Data Quality for AI Systems
Data quality investment pays off at scale — but only if you know when to invest, what failure class you are fighting, and how to build gates that block bad documents rather than just logging them. This article gives you a decision framework, a failure taxonomy grounded in observable symptoms, ingestion contracts, layered deduplication (syntactic and semantic), LLM-as-judge scoring with real cost math, and CI/CD quality gates.
Quick Reference
- →Invest in quality pipelines only when you have retrieval failures in production traces — below 500 docs or with a single reliable source, ingestion contracts alone are sufficient
- →Five observable failure classes: stale content, near-duplicates, contradictions, incomplete docs, and format corruption — each has distinct symptoms and detection methods
- →Ingestion contracts: every document needs a stable_id, source_uri, content_hash, last_modified, and content_type before it enters the pipeline
- →Layer dedup: MinHash LSH (Jaccard threshold=0.85) for syntactic similarity, then embedding cosine similarity on candidates for semantic duplicates
- →Structural pre-filter is free and catches 60-80% of bad documents — run it before LLM-as-judge to control cost
- →LLM-as-judge evaluates factual consistency, completeness, and currency that heuristics cannot detect — with claude-haiku-4-5-20251001 at $1/MTok in and $5/MTok out, scoring a 500-token document costs ~$0.001
- →Freshness SLAs are domain-specific — calibrate by measuring how often your source data actually changes, not by guessing
- →Quality gates in CI should block ingestion, not just warn — a clear 'I don't know' from a coverage gap is better than a confidently wrong answer from bad data
When Data Quality Work Pays Off (and When It Doesn't)
fix retrieval before investing in ingestion-side quality work
Data quality pipelines are not free — they add latency to ingestion, consume compute, and require maintenance as your source schemas evolve.
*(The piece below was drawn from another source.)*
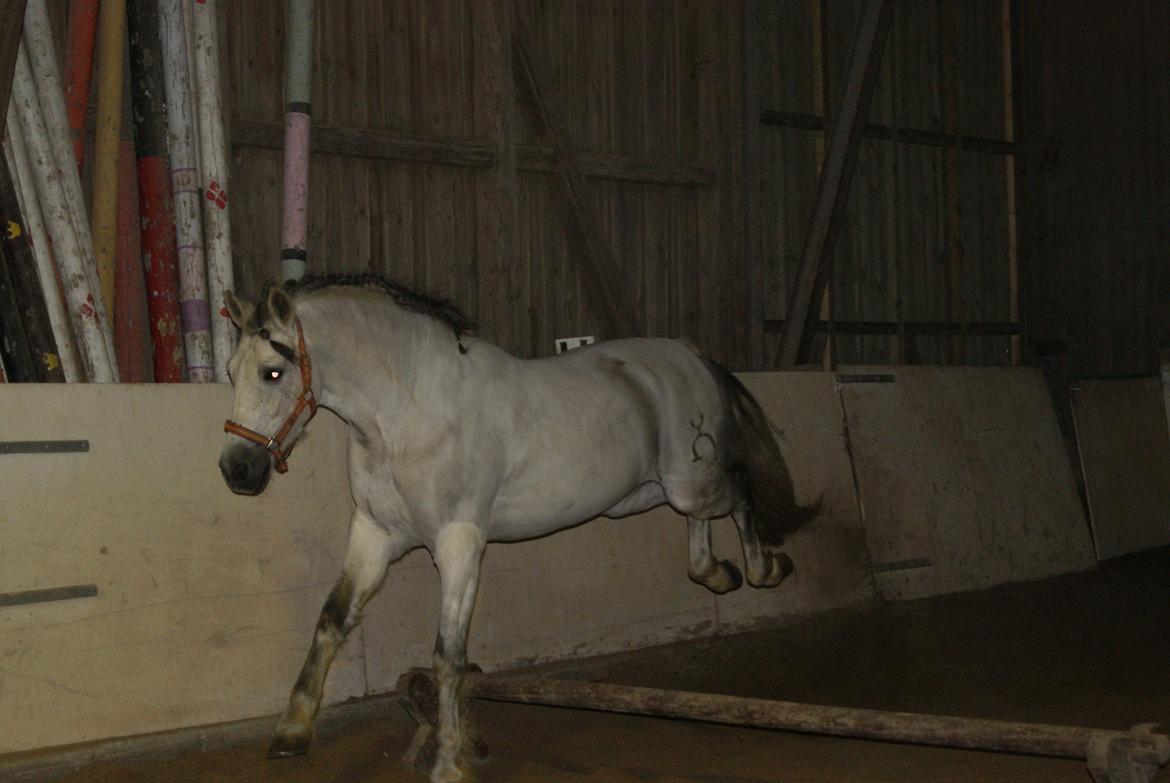 Løsspring på Stevnsbogård D.22/12-2012 billede 39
Before you build them, you need a production signal that justifies the investment. The clearest signal: retrieval failures showing up in traces. If your agent retrieves stale content, returns redundant chunks, or consistently says 'I don't have enough information', the root cause is almost always in the data — but before you build quality infrastructure, confirm it is not a retrieval or prompt problem first.
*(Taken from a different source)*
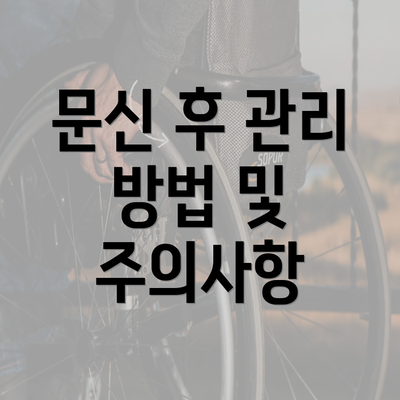 문신 후 관리 방법 및 주의사항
Teams often build MinHash deduplication pipelines and freshness trackers before their knowledge base has 200 documents. The ROI is negative. At small scale, manually curating documents is faster and more effective than automated pipelines. Start with ingestion contracts (catch missing metadata), then add quality gates only when you see retrieval failures at scale.
| Trigger Signal | Recommended Action | When to Add the Next Layer |
|---|---|---|
| Agents say 'I don't have enough information' on known topics | Coverage gap analysis from query logs | When gap reports stop driving content creation |
| Same question gets different answers on different sessions | Contradiction detection via LLM-as-judge | When contradictions persist after manual dedup pass |
| Retriever returns obviously outdated facts with high score | Freshness SLAs + auto-deprecation | When stale docs represent > 10% of retrieved context |
| Corpus > 1K docs from multiple authors or systems | MinHash deduplication before chunking | When semantic duplicates appear after syntactic dedup |
| Ingestion from PDFs, wikis, or scraped sources | Structural pre-filter at ingestion gate | When pre-filter false-positive rate drops below 5% |
A platform team spent three weeks building a MinHash deduplication pipeline for a 150-document internal knowledge base. In the same sprint, they could have manually reviewed and cleaned all 150 documents twice. The pipeline was correct — it just was not the right investment at that scale. They eventually used it when the corpus grew to 8,000 documents from four different Confluence spaces. The lesson: build quality infrastructure in response to production failure signals, not in anticipation of them.